*** SUPPLIED RECORDS

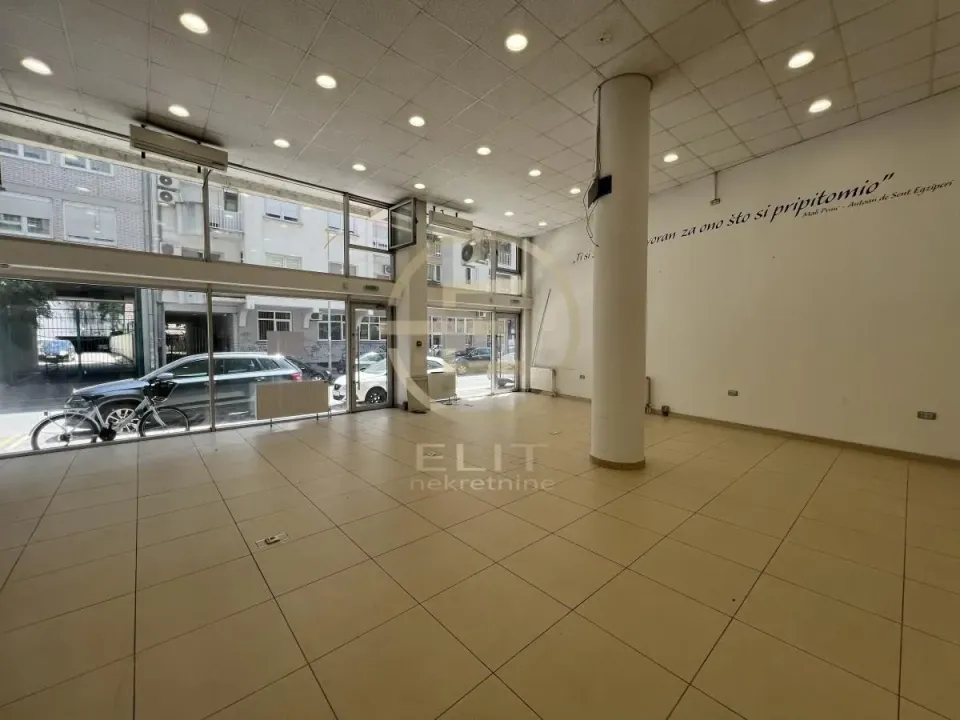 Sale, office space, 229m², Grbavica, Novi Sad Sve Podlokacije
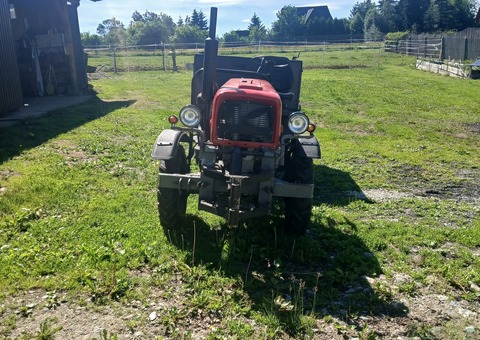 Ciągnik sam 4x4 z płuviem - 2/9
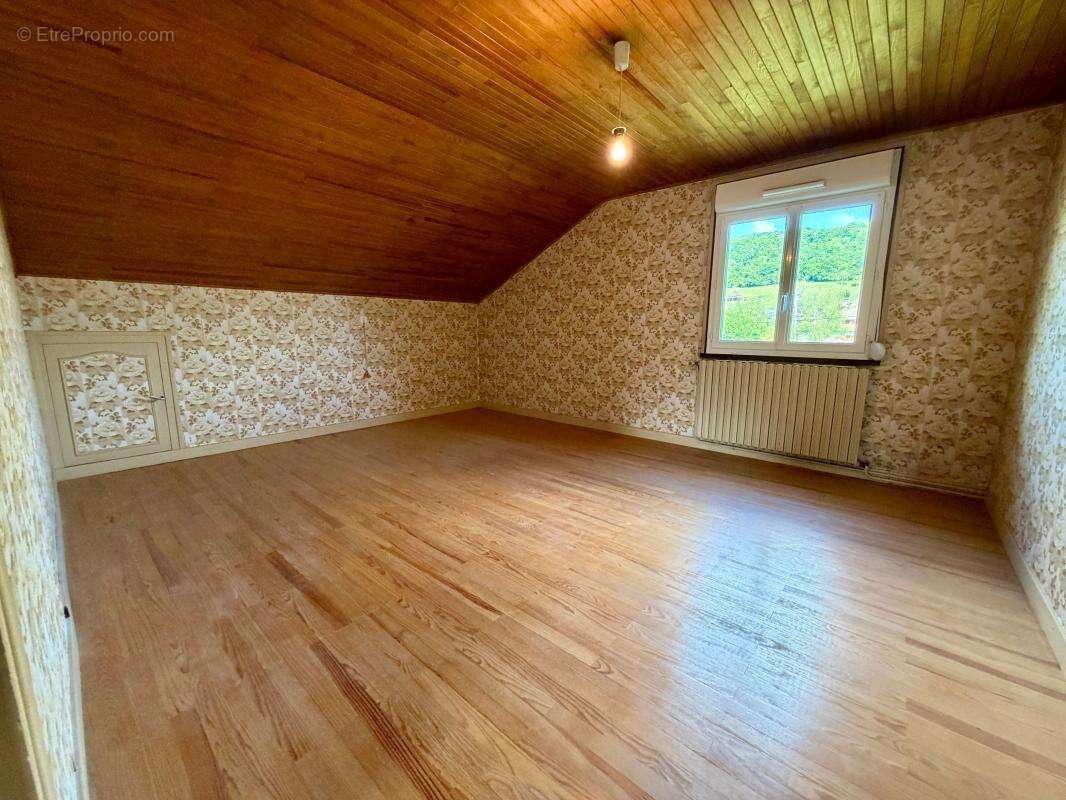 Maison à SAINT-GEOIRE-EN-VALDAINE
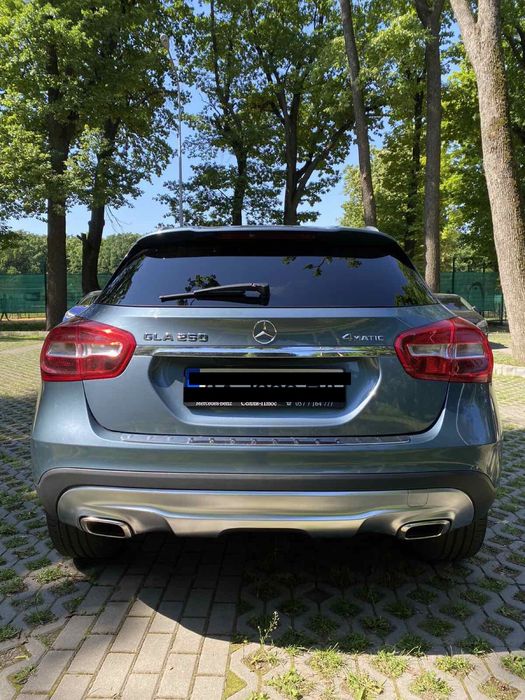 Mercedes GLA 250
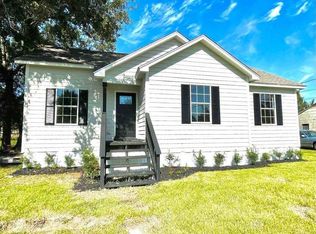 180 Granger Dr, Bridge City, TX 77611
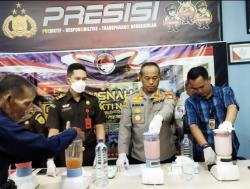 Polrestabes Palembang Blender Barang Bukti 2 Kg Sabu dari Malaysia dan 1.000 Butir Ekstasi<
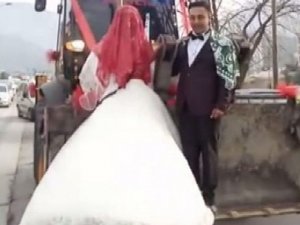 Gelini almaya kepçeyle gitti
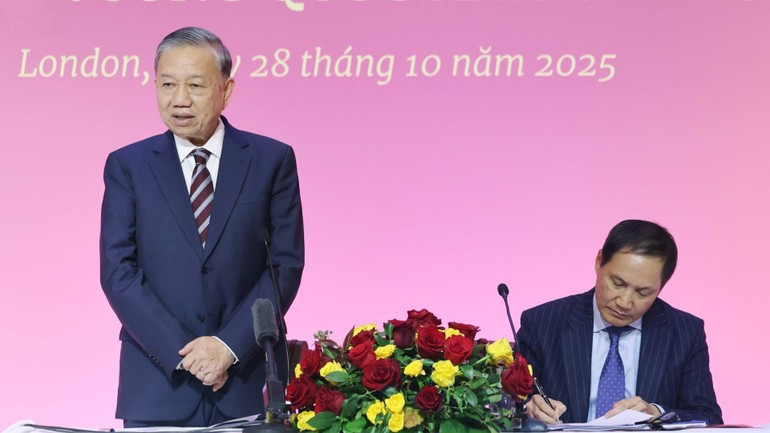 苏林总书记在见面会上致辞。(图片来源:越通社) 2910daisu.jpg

******

Please copy the lines exactly, beginning at the one containing "180 Granger Dr, Bridge City, TX 77611" and ending at the last line of the records above, both included, with the pictures left out.

 180 Granger Dr, Bridge City, TX 77611
 Polrestabes Palembang Blender Barang Bukti 2 Kg Sabu dari Malaysia dan 1.000 Butir Ekstasi<
 Gelini almaya kepçeyle gitti
 苏林总书记在见面会上致辞。(图片来源:越通社) 2910daisu.jpg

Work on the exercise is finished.